THE TASK
Copy every line of the data exactly, keeping out any picture.

GIVEN MATERIAL
┌────────

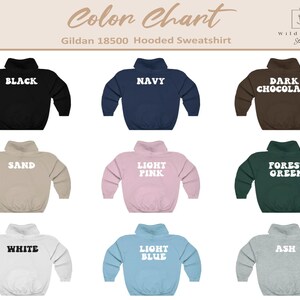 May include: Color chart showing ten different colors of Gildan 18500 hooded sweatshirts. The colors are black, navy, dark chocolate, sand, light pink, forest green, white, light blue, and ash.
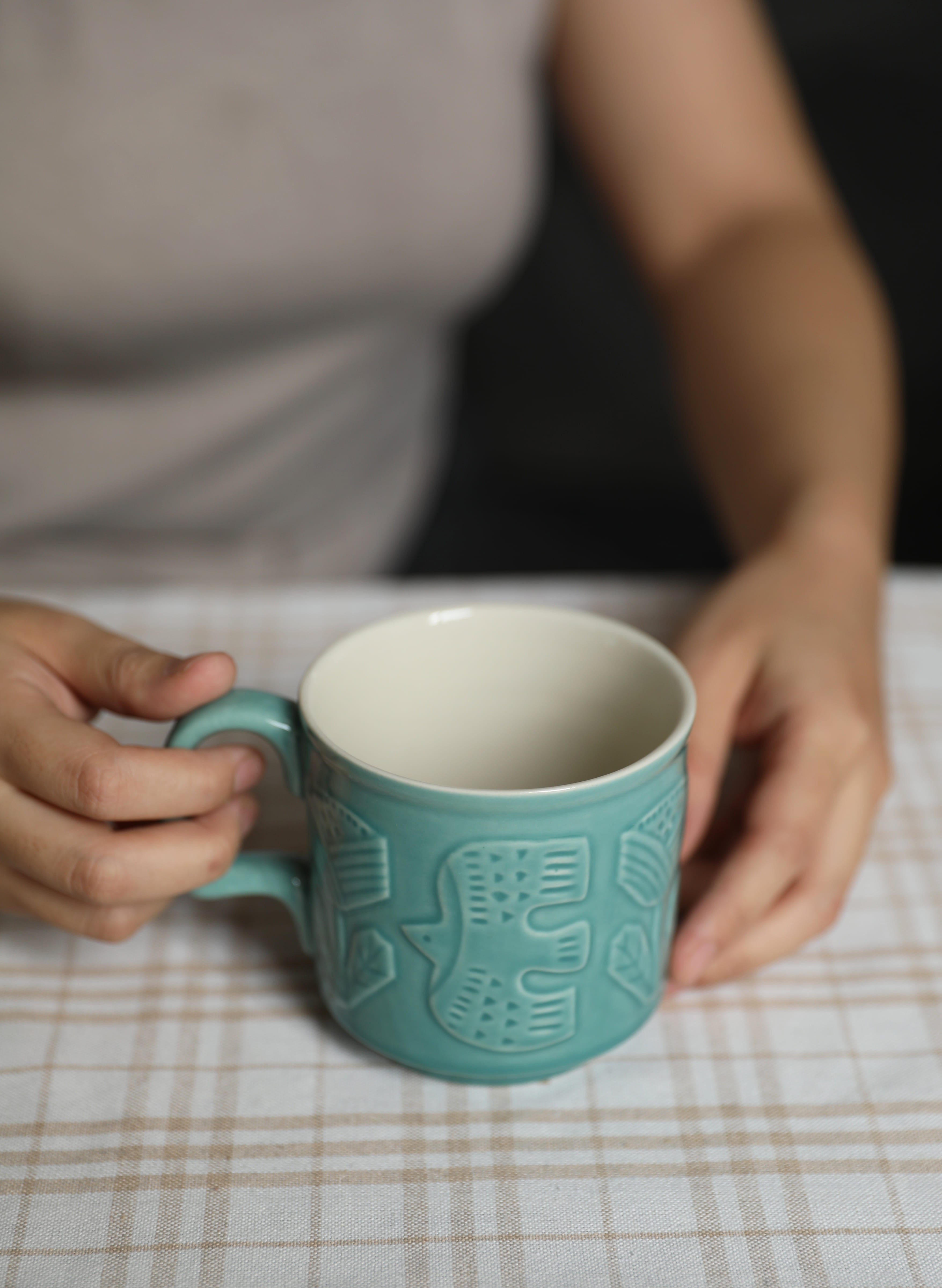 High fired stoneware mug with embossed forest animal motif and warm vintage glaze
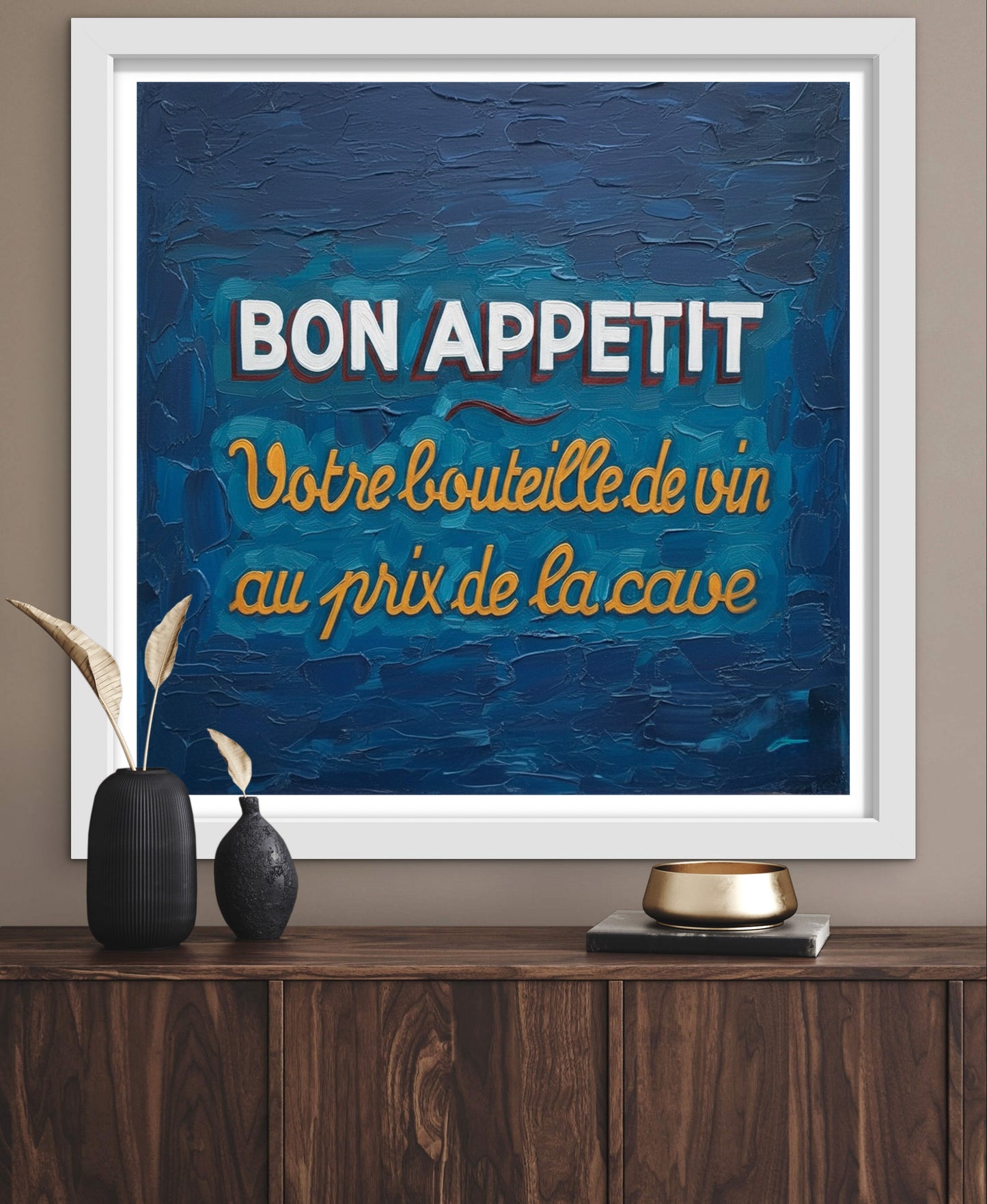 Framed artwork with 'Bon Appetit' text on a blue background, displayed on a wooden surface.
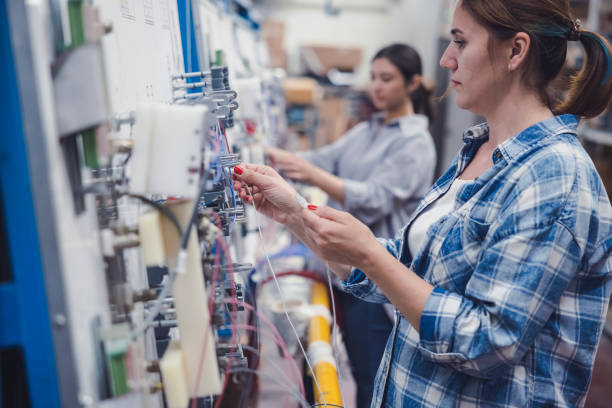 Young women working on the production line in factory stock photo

└────────

RESULT
 May include: Color chart showing ten different colors of Gildan 18500 hooded sweatshirts. The colors are black, navy, dark chocolate, sand, light pink, forest green, white, light blue, and ash.
 High fired stoneware mug with embossed forest animal motif and warm vintage glaze
 Framed artwork with 'Bon Appetit' text on a blue background, displayed on a wooden surface.
 Young women working on the production line in factory stock photo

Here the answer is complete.